[About this exercise]
Reproduce the whole listing word for word. Leave every image out.
(Beginning of Data extract)
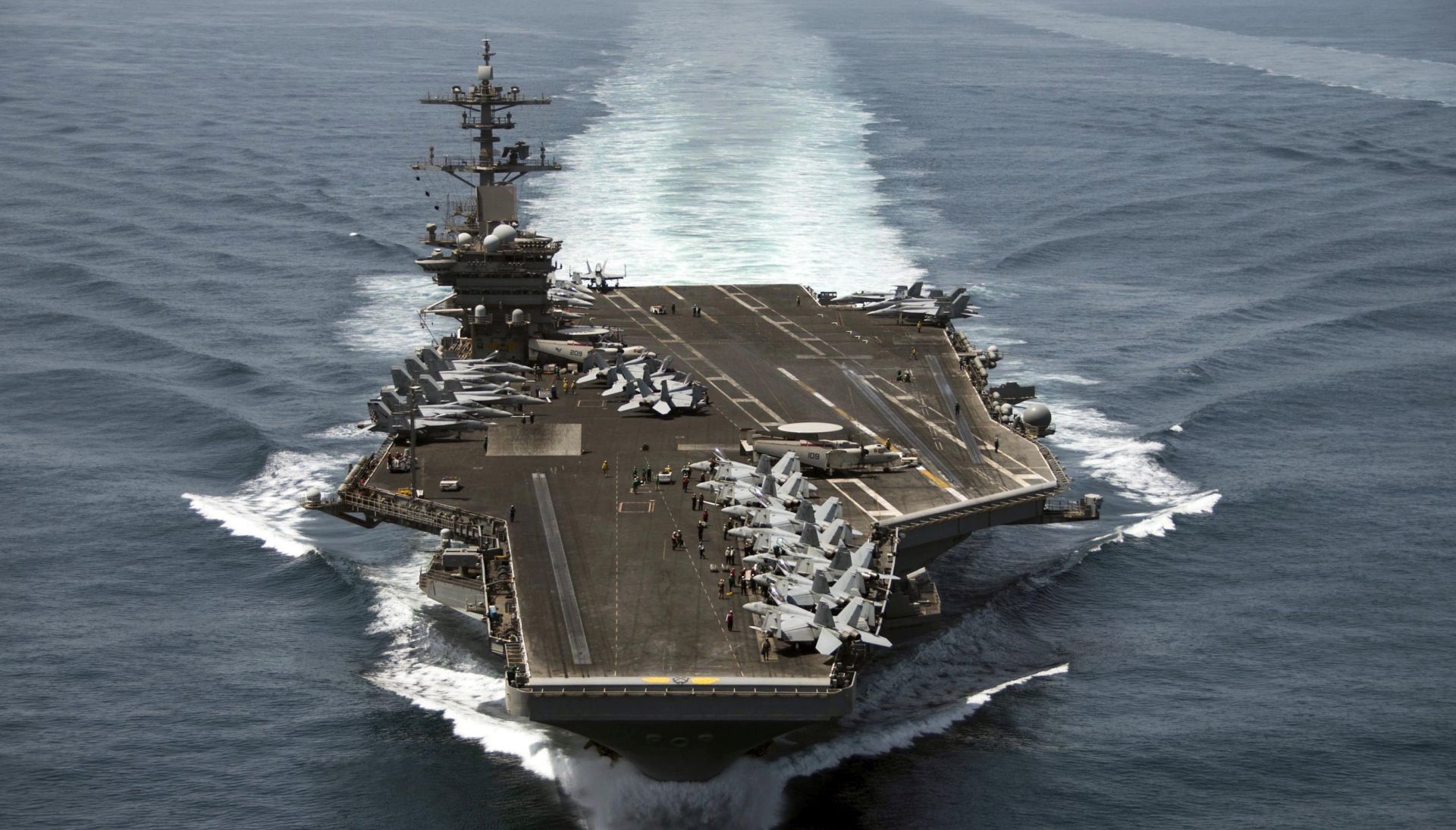 epa08335877 (FILE) - An aerial handout image made available by US Navy showing the aircraft carrier USS Theodore Roosevelt (CVN 71) operating in the Arabian Sea on 21 April 2015 (reissued 01 April 2020). According to reports,  Captain Brett Crozier, captain of the US aircraft carrier Theodore Roosevelt, which is currently docked in Gua, has penned a letter calling for decisive action to be taken to avert deaths on the carrier.  EPA/MC3 ANTHONY N. HILKOWSKI / HANDOUT  HANDOUT EDITORIAL USE ONLY/NO SALES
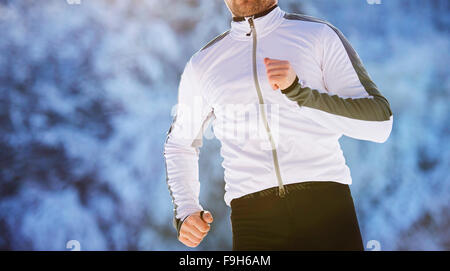 Hübscher Junge Läufer in der verschneiten Natur Stockfoto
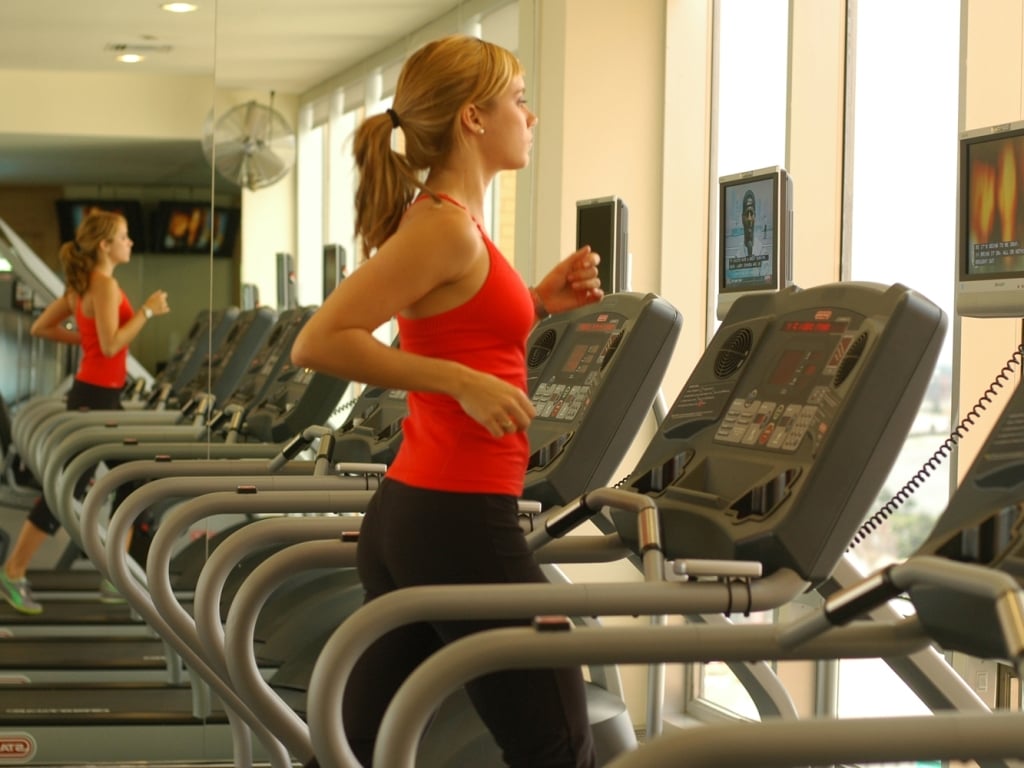 A woman in a red tank top and black leggings runs on a treadmill in a gym with windows and mirrors.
(End of Data extract)
[Task response]
 epa08335877 (FILE) - An aerial handout image made available by US Navy showing the aircraft carrier USS Theodore Roosevelt (CVN 71) operating in the Arabian Sea on 21 April 2015 (reissued 01 April 2020). According to reports,  Captain Brett Crozier, captain of the US aircraft carrier Theodore Roosevelt, which is currently docked in Gua, has penned a letter calling for decisive action to be taken to avert deaths on the carrier.  EPA/MC3 ANTHONY N. HILKOWSKI / HANDOUT  HANDOUT EDITORIAL USE ONLY/NO SALES
 Hübscher Junge Läufer in der verschneiten Natur Stockfoto
 A woman in a red tank top and black leggings runs on a treadmill in a gym with windows and mirrors.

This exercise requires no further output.